- Exercise brief -
Return only what runs from the line containing "Набор сверл для" through the last line of the entries below, exactly, omitting pictures.

- Raw data -
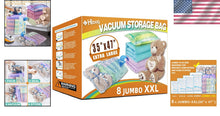 Load image into Gallery viewer, Space Saver Compression Bags 47'' x 35'' - Durable Vacuum Seal Storage Set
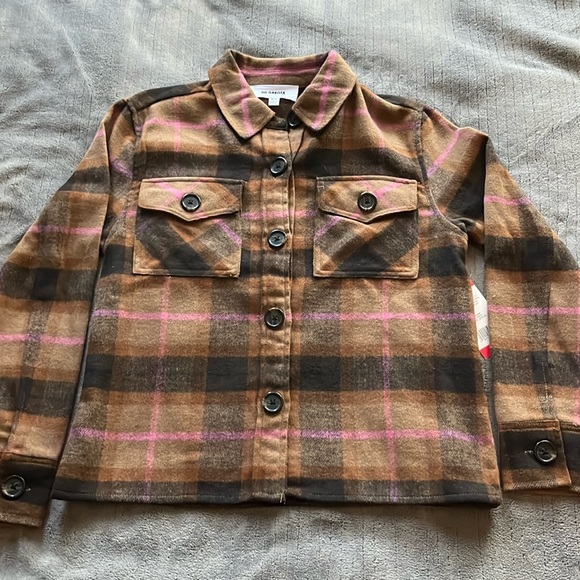Bb Dakota Shacket - Picture 1 of 4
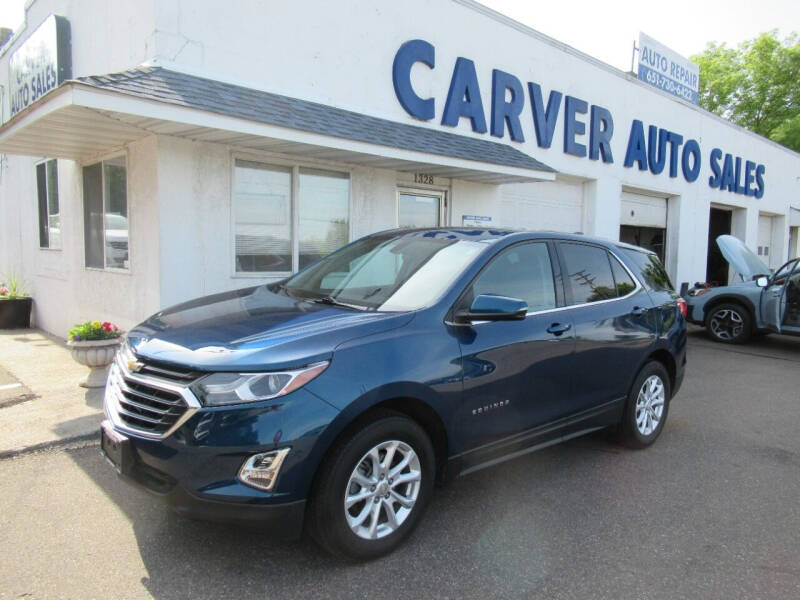 2019 Chevrolet Equinox for sale at Carver Auto Sales in Saint Paul MN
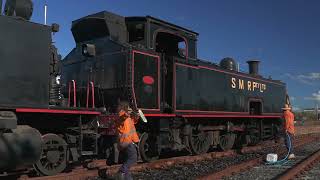 Hunter Valley Steamfest Australia 2023  10 Class Locos Prepared [upl. by Attiuqram3]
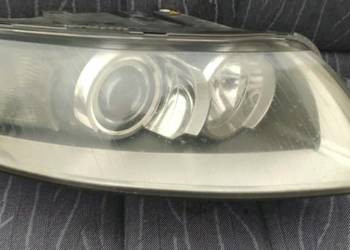 Reflektor lampa prawa przód przednia Audi a6 c6 eu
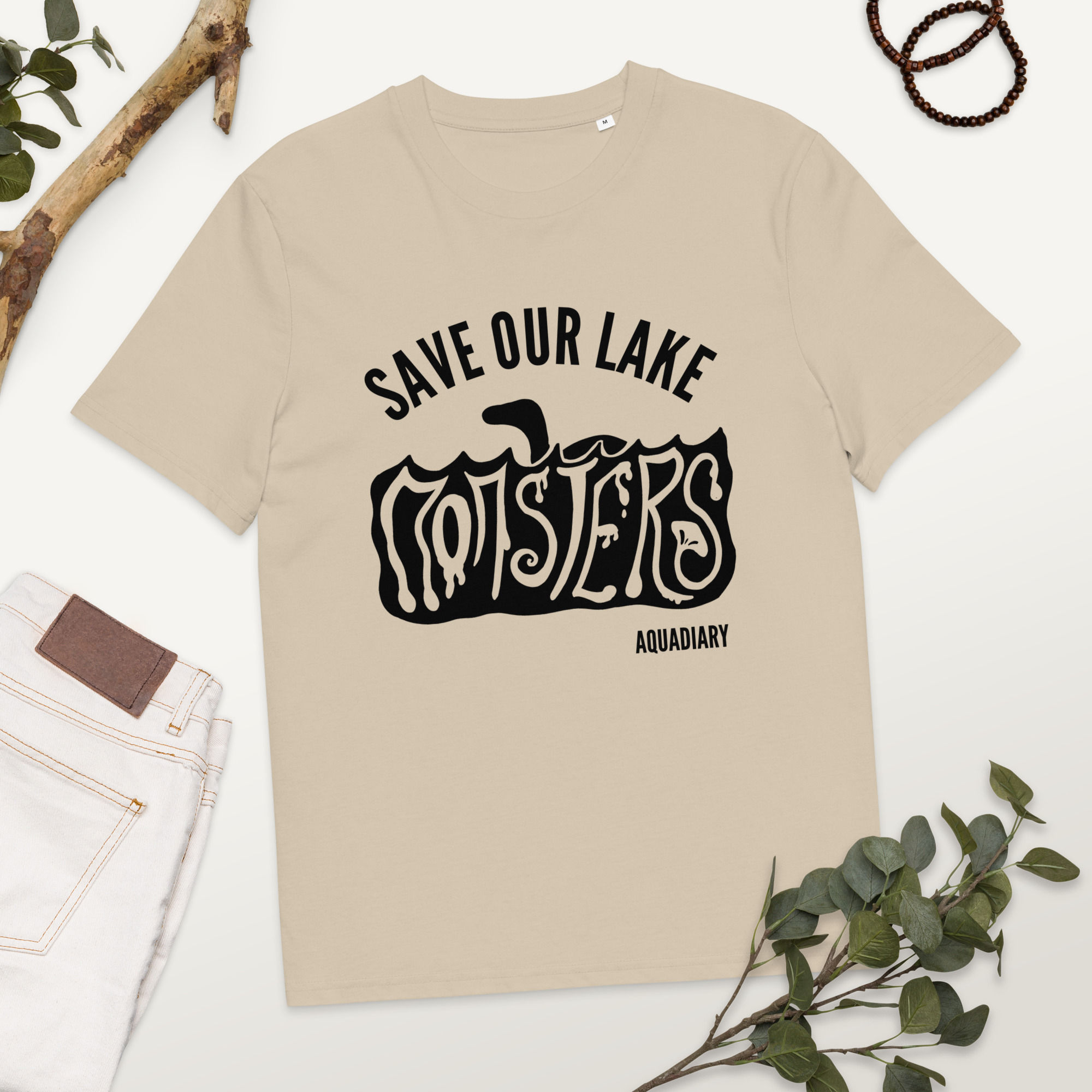 Save Our Lake Monsters Tee
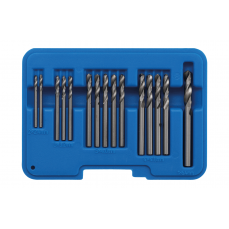 Набор сверл для заклепок | HSS | 2,4 - 6,4 мм | 15 шт. (2097)
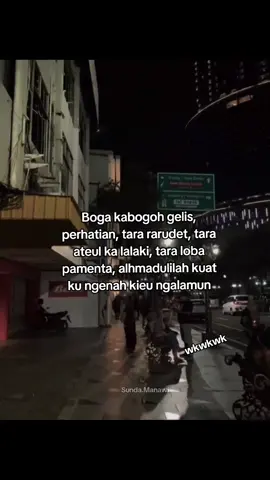 #CapCut #storysunda🍁 #SundaManawi #fyp Ngenah kieu ngalamun mah wkwk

- Task answer -
 Набор сверл для заклепок | HSS | 2,4 - 6,4 мм | 15 шт. (2097)
 #CapCut #storysunda🍁 #SundaManawi #fyp Ngenah kieu ngalamun mah wkwk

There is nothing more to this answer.